Scraped caption text data
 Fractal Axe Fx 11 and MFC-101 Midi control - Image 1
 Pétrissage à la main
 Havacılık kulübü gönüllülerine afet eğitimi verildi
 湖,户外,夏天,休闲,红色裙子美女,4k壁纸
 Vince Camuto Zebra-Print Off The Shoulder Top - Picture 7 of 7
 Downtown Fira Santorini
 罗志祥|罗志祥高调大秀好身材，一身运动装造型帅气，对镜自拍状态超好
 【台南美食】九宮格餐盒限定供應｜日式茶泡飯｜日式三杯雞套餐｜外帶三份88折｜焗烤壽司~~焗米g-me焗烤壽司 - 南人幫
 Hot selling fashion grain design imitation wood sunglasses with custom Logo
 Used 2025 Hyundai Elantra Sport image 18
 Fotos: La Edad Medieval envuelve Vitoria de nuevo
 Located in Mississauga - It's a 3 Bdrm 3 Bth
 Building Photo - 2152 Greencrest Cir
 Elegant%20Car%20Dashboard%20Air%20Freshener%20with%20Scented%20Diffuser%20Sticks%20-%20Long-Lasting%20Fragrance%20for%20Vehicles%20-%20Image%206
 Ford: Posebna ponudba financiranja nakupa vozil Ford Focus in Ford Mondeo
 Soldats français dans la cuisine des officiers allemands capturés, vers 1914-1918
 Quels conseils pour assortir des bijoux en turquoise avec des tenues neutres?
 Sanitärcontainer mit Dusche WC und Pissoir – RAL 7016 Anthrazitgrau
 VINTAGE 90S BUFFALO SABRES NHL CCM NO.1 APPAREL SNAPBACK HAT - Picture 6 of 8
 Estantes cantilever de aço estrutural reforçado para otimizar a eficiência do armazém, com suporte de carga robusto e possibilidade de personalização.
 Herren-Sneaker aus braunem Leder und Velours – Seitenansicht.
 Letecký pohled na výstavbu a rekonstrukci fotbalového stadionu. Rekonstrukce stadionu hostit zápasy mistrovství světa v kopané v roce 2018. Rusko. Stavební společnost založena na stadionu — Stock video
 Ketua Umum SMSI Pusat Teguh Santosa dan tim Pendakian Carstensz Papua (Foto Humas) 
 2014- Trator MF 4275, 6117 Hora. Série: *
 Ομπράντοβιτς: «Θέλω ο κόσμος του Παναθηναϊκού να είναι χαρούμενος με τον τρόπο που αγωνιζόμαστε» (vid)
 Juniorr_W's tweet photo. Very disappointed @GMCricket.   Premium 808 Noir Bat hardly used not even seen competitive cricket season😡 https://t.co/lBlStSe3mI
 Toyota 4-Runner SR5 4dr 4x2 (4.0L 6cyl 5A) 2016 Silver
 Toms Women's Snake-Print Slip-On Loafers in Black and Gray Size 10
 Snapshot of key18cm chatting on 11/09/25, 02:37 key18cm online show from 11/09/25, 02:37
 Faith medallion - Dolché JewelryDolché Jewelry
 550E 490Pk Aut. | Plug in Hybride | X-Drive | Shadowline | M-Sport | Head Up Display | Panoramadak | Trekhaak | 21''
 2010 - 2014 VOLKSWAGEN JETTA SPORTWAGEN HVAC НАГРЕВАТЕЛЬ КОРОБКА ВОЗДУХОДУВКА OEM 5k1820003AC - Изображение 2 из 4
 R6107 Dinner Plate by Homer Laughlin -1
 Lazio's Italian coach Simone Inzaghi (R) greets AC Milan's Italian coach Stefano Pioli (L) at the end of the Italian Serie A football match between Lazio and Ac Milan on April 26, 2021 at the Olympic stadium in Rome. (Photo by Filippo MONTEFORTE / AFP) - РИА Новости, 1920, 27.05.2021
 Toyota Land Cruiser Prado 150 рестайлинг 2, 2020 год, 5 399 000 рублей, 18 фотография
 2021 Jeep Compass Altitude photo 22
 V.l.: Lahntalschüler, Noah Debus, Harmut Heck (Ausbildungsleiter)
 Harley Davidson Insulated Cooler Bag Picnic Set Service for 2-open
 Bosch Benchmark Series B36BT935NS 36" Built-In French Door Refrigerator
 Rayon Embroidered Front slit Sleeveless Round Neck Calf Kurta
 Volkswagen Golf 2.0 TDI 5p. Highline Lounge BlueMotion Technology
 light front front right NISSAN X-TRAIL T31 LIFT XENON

Task: Your reply must reproduce all records above exactly.

Exercise response:
 Fractal Axe Fx 11 and MFC-101 Midi control - Image 1
 Pétrissage à la main
 Havacılık kulübü gönüllülerine afet eğitimi verildi
 湖,户外,夏天,休闲,红色裙子美女,4k壁纸
 Vince Camuto Zebra-Print Off The Shoulder Top - Picture 7 of 7
 Downtown Fira Santorini
 罗志祥|罗志祥高调大秀好身材，一身运动装造型帅气，对镜自拍状态超好
 【台南美食】九宮格餐盒限定供應｜日式茶泡飯｜日式三杯雞套餐｜外帶三份88折｜焗烤壽司~~焗米g-me焗烤壽司 - 南人幫
 Hot selling fashion grain design imitation wood sunglasses with custom Logo
 Used 2025 Hyundai Elantra Sport image 18
 Fotos: La Edad Medieval envuelve Vitoria de nuevo
 Located in Mississauga - It's a 3 Bdrm 3 Bth
 Building Photo - 2152 Greencrest Cir
 Elegant%20Car%20Dashboard%20Air%20Freshener%20with%20Scented%20Diffuser%20Sticks%20-%20Long-Lasting%20Fragrance%20for%20Vehicles%20-%20Image%206
 Ford: Posebna ponudba financiranja nakupa vozil Ford Focus in Ford Mondeo
 Soldats français dans la cuisine des officiers allemands capturés, vers 1914-1918
 Quels conseils pour assortir des bijoux en turquoise avec des tenues neutres?
 Sanitärcontainer mit Dusche WC und Pissoir – RAL 7016 Anthrazitgrau
 VINTAGE 90S BUFFALO SABRES NHL CCM NO.1 APPAREL SNAPBACK HAT - Picture 6 of 8
 Estantes cantilever de aço estrutural reforçado para otimizar a eficiência do armazém, com suporte de carga robusto e possibilidade de personalização.
 Herren-Sneaker aus braunem Leder und Velours – Seitenansicht.
 Letecký pohled na výstavbu a rekonstrukci fotbalového stadionu. Rekonstrukce stadionu hostit zápasy mistrovství světa v kopané v roce 2018. Rusko. Stavební společnost založena na stadionu — Stock video
 Ketua Umum SMSI Pusat Teguh Santosa dan tim Pendakian Carstensz Papua (Foto Humas) 
 2014- Trator MF 4275, 6117 Hora. Série: *
 Ομπράντοβιτς: «Θέλω ο κόσμος του Παναθηναϊκού να είναι χαρούμενος με τον τρόπο που αγωνιζόμαστε» (vid)
 Juniorr_W's tweet photo. Very disappointed @GMCricket.   Premium 808 Noir Bat hardly used not even seen competitive cricket season😡 https://t.co/lBlStSe3mI
 Toyota 4-Runner SR5 4dr 4x2 (4.0L 6cyl 5A) 2016 Silver
 Toms Women's Snake-Print Slip-On Loafers in Black and Gray Size 10
 Snapshot of key18cm chatting on 11/09/25, 02:37 key18cm online show from 11/09/25, 02:37
 Faith medallion - Dolché JewelryDolché Jewelry
 550E 490Pk Aut. | Plug in Hybride | X-Drive | Shadowline | M-Sport | Head Up Display | Panoramadak | Trekhaak | 21''
 2010 - 2014 VOLKSWAGEN JETTA SPORTWAGEN HVAC НАГРЕВАТЕЛЬ КОРОБКА ВОЗДУХОДУВКА OEM 5k1820003AC - Изображение 2 из 4
 R6107 Dinner Plate by Homer Laughlin -1
 Lazio's Italian coach Simone Inzaghi (R) greets AC Milan's Italian coach Stefano Pioli (L) at the end of the Italian Serie A football match between Lazio and Ac Milan on April 26, 2021 at the Olympic stadium in Rome. (Photo by Filippo MONTEFORTE / AFP) - РИА Новости, 1920, 27.05.2021
 Toyota Land Cruiser Prado 150 рестайлинг 2, 2020 год, 5 399 000 рублей, 18 фотография
 2021 Jeep Compass Altitude photo 22
 V.l.: Lahntalschüler, Noah Debus, Harmut Heck (Ausbildungsleiter)
 Harley Davidson Insulated Cooler Bag Picnic Set Service for 2-open
 Bosch Benchmark Series B36BT935NS 36" Built-In French Door Refrigerator
 Rayon Embroidered Front slit Sleeveless Round Neck Calf Kurta
 Volkswagen Golf 2.0 TDI 5p. Highline Lounge BlueMotion Technology
 light front front right NISSAN X-TRAIL T31 LIFT XENON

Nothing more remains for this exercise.